Exercise => Each line below from the line with "GUCCI GG Marmont" to the line with "Summer Empty Top" must be copied exactly, including those two, and no picture may appear in the copy.

Dataset excerpts =>
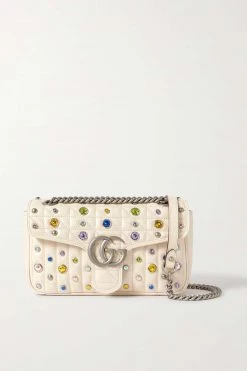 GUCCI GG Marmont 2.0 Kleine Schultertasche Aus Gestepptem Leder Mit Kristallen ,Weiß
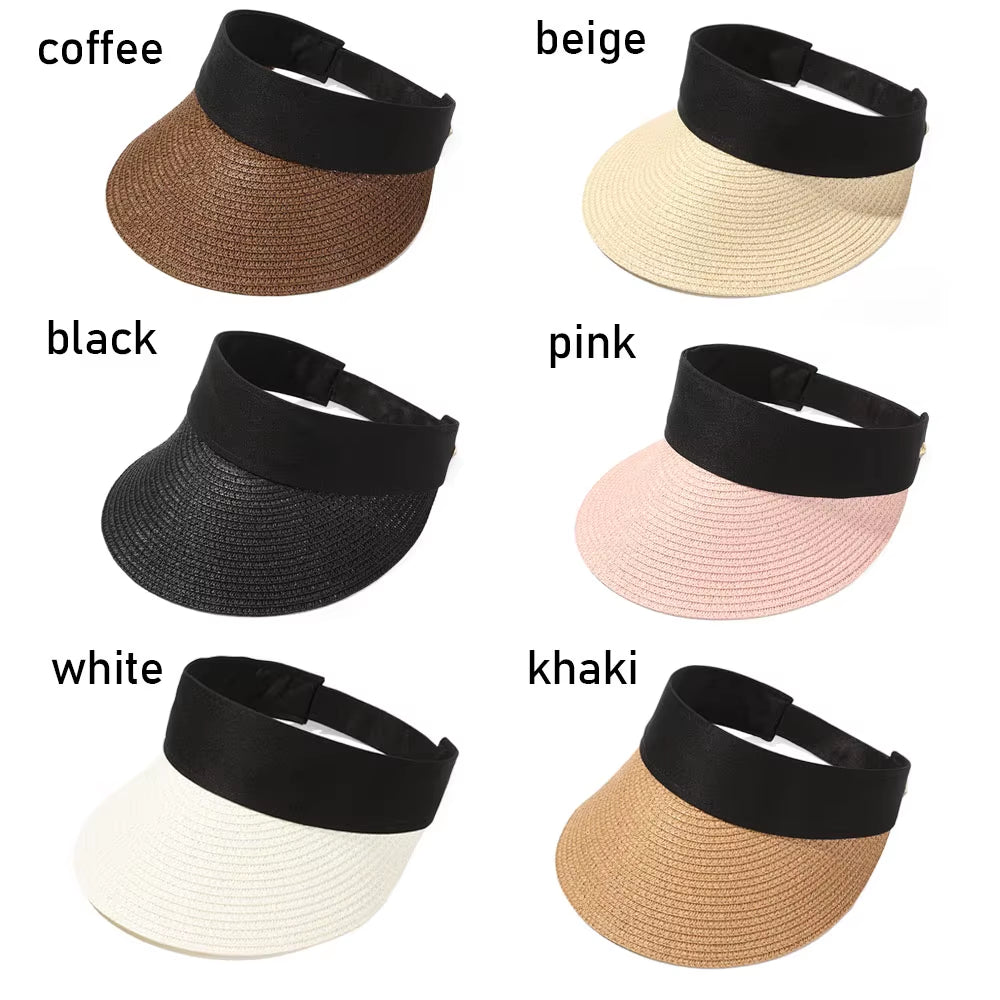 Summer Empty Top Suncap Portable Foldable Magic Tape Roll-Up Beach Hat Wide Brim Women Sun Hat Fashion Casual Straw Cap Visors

* * *

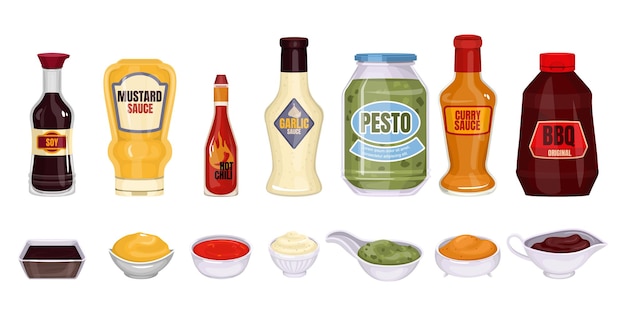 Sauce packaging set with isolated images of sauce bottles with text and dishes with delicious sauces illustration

Solution =>
 GUCCI GG Marmont 2.0 Kleine Schultertasche Aus Gestepptem Leder Mit Kristallen ,Weiß
 Summer Empty Top Suncap Portable Foldable Magic Tape Roll-Up Beach Hat Wide Brim Women Sun Hat Fashion Casual Straw Cap Visors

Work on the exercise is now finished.